Having by now been joined by his brother, Harold (the future Lord Rothermere), he had scored an instant hit. Like all Northcliffe’s publications, it catered to popular tastes with punchy news stories – what he called ‘surprises’ – and was also the first paper with a page aimed specifically at women. But it was never coarse. As Mr Roberts observed: ‘Northcliffe would never allow words like “rupture” or “constipation” in his newspaper because his mother wouldn’t like it.’
The Mail soon became the bestselling paper in the world, with more than a million copies sold daily. It was fiercely independent, but espoused a Conservative, Unionist and imperialist view of the world. Any sensible politician wanted to be in it, even if the Conservative prime minister, the Marquess of Salisbury, observed sniffily that it was ‘written by shop boys for shop boys’. There were very many more shop boys than marquesses in late Victorian Britain, however, and they had a thirst for knowledge.
Indeed, the acceptance of Harmsworth into the top echelons of society – he was soon introduced to Queen Victoria –reflected the social fluidity of Victorian Britain. In 1905, as one of the most powerful men in the land, Harmsworth received a peerage and, at 40, was the youngest member of the House of Lords. It was said he chose the name ‘Northcliffe’ because he wanted a title beginning with the same letter as his great hero, Napoleon.
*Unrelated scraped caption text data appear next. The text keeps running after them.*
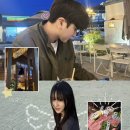 옵지스토리 | 13) 비루일상모음집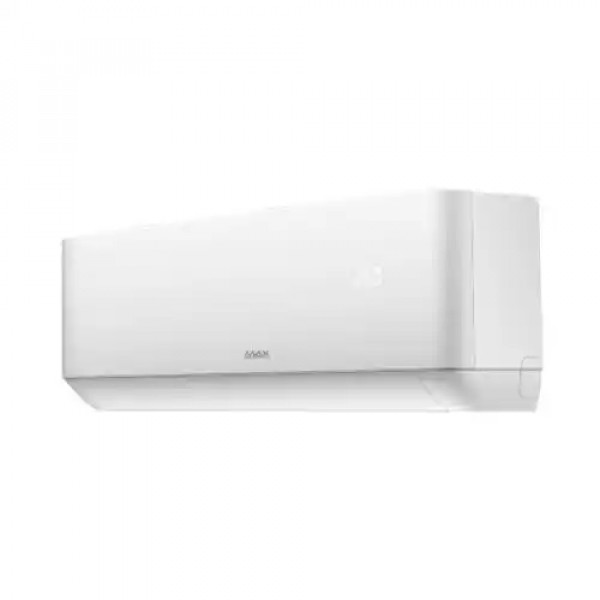 https://www.laptopcentar.rs/images/products/big/170655.jpg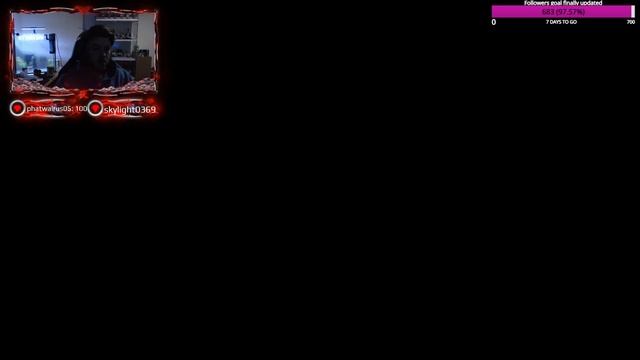 Time to get slidey in Forza! смотреть онлайн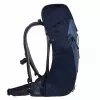 Batoh DEUTER AC Life 16 — 16L navy, interný rám, 560×280×190 mm, 870 g, unisex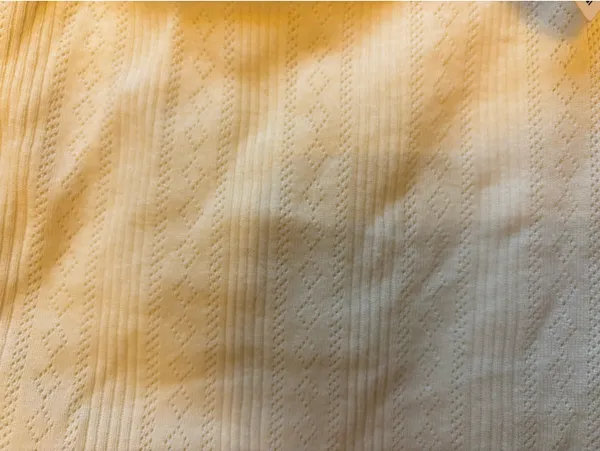 Urban Outfitters skirt - Image 3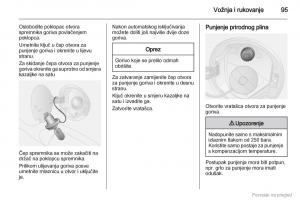 Opel-Combo-D-vlasnicko-uputstvo page 96 min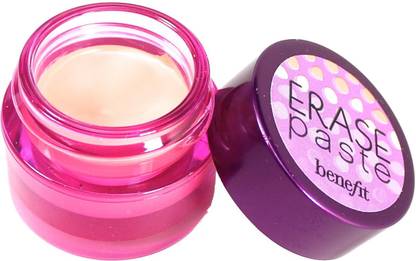Benefit erase paste concealer - light 01 Concealer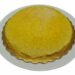 DOLCE POLENTA GIALLA KG.1,2 D&G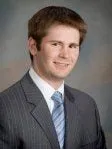 David Matthew James's picture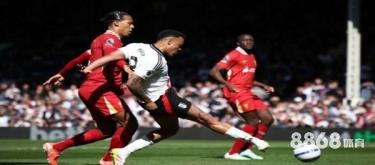 博狗体育 - nba2012状元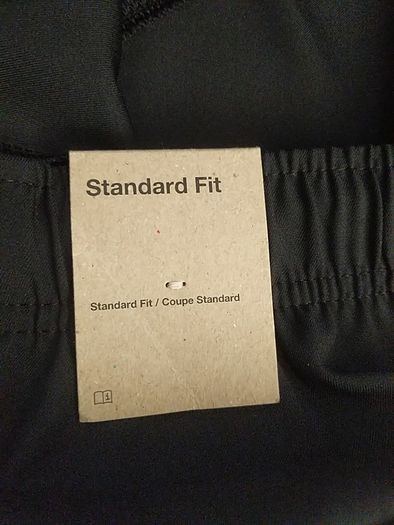 Nike Men's Pants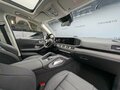 2025 Mercedes-Benz GLE 450 II (V167) Рестайлинг, чёрный, 13650000 рублей - вид 7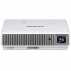 Casio XJ-M256 Signature WXGA DLP Wireless Projector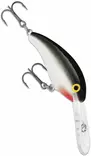 Rapala Shad Dancer 4cm 5g - Wobbler <6 cm - 340040278 - 8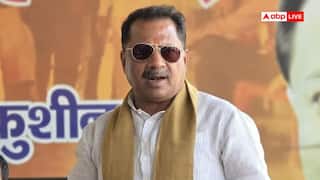 'जहां ब्राह्मण इकट्ठा होता...', ब्राह्मण विधायकों को भोज देने वाले बीजेपी MLA पीएन पाठक का बयान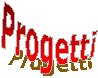 Progetti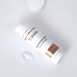 Крем восстанавливающий 50 мл, 150 мл FRESH:POSTPEEL CREAM Мезофарм / Mesopharm professional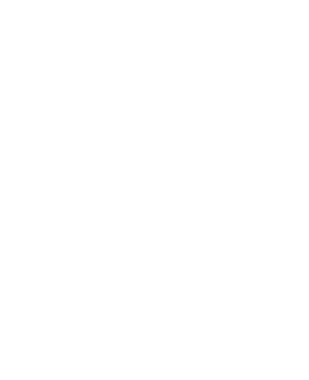 Çerçeve, logo, pankart, etiket, rozetler için oval şeffaf örtüşme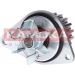 KAMOKA Wasserpumpe T0083 KAMOKA Wasserpumpe T0083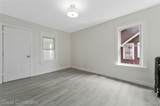 16644 Washburn Street - Photo 35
He was a serial innovator, not just in his development of new printing methods. He loved fast cars and was a fervent believer in aviation, driving technical advances by offering huge financial prizes for increasingly ambitious air races. It wasn’t just down to a love of engines, though. He had befriended the Wright brothers and watched their early prototypes take off.
He could see war on the horizon and the need for Britain to have aerial firepower. The outbreak of World War I in 1914 underlined the extent of his power and influence. As Britain’s war prospects waned, he became convinced that Herbert Asquith was not the man for the job of prime minister – and he said so. He was adamant that the soldiers in the trenches were being betrayed by a lack of proper artillery ammunition. He was accused of sedition and the Mail was, famously, burned on the floor of the London Stock Exchange.
But he stood firm and would be proved right in the end. He helped curtail the disastrous Dardanelles campaign and pressed for conscription as the make-or-break way of ending the war. The new prime minister, David Lloyd George, duly sent Northcliffe off to the US to rally assistance for the UK. On his return, he ran the ministry for propaganda in enemy countries.
The loss of four nephews in the war would fuel in him an enduring hatred for Germany. However, his health was failing. In 1921, he embarked on a round-the-world tour and contracted the malignant endocarditis which cost him his sanity and, ultimately, his life. At his funeral in August 1922, more than 7,000 people, many of them war veterans, lined the streets to pay their respects.
His many critics would deplore his unflinching adoration of the British Empire, his rickety private life and his anti-semitism. Yet none could deny his achievements. Even the vanquished Kaiser Wilhelm II of Germany, who loathed him ‘with intense bitterness’, lamented that ‘if we had had Northcliffe, we would have won the [First World] War’.
The Guardian, never a great fan, observed: ‘As a material force, there has been nothing in journalism to compare him with.’ His old rival, Max Aitken, acknowledged him as ‘the greatest figure who ever strode down Fleet Street’. Mr Roberts said that, for all Northcliffe’s many flaws, ‘he showed tremendous moral courage. He was a great man’.